● DATA RECORDS:
+ + + +

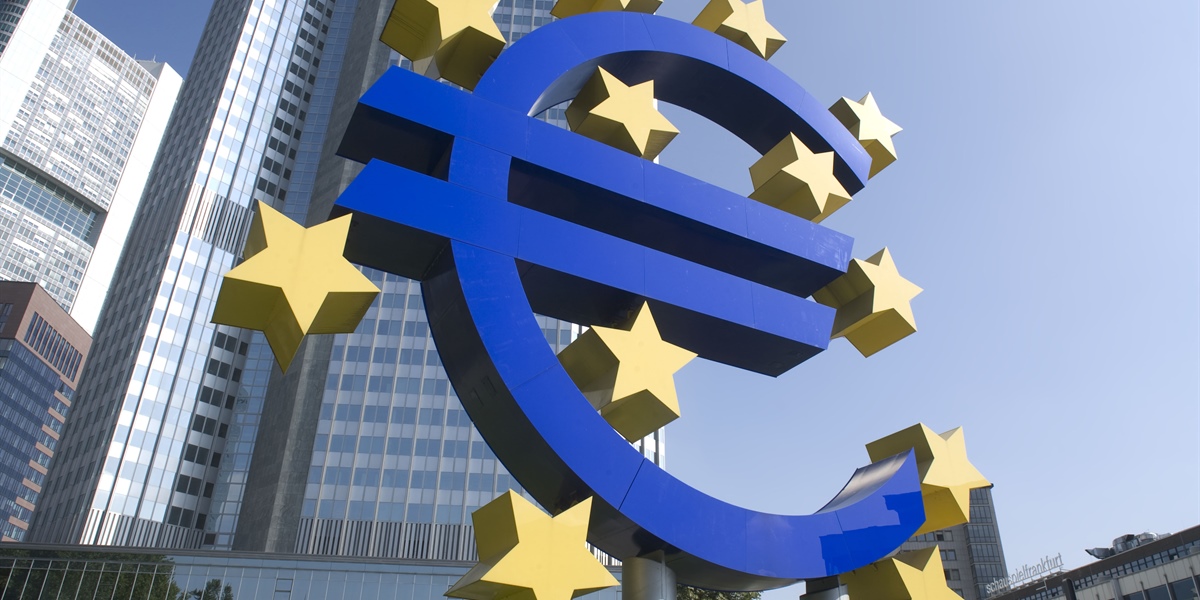 Bce, Gardini: «In Italia tassi e inflazione bruciano 693 miliardi. Potere d’acquisto giù di 100 miliardi»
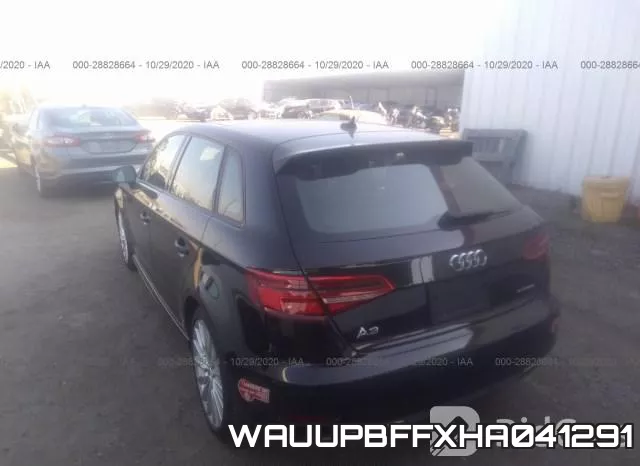 WAUUPBFFXHA041291_3.webp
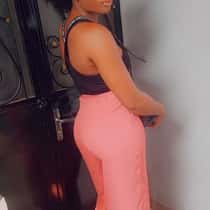 Kimberly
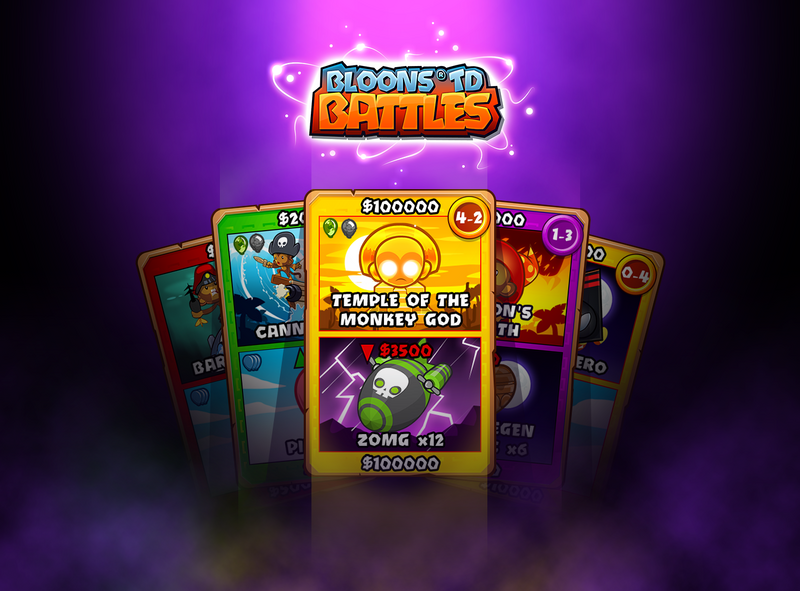 File:BTDBM card battle teaser 5.png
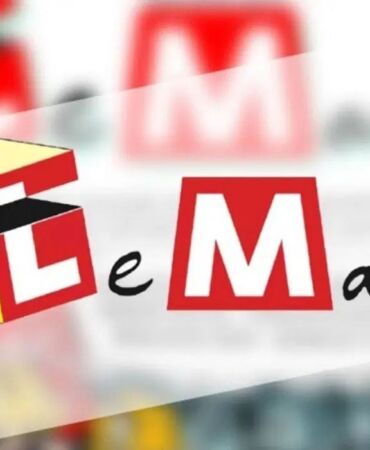 Leman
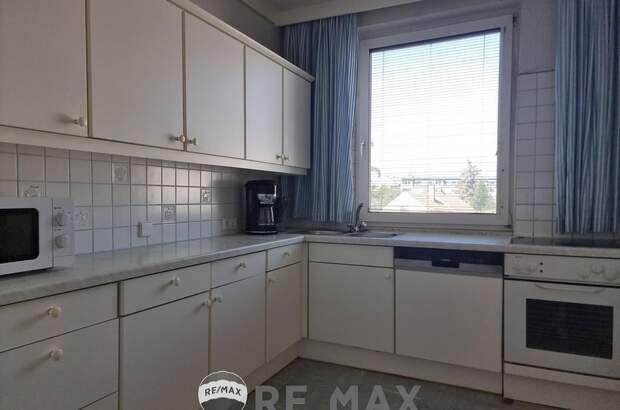 Wohnung kaufen in 2230 Gänserndorf (Bild 5)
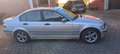 BMW 320 320d - thumbnail 5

+ + + +

● PROBLEM DESCRIPTION: Quote the records above in full, dropping each picture.

● THE COMPLETED TASK:
 Bce, Gardini: «In Italia tassi e inflazione bruciano 693 miliardi. Potere d’acquisto giù di 100 miliardi»
 WAUUPBFFXHA041291_3.webp
 Kimberly
 File:BTDBM card battle teaser 5.png
 Leman
 Wohnung kaufen in 2230 Gänserndorf (Bild 5)
 BMW 320 320d - thumbnail 5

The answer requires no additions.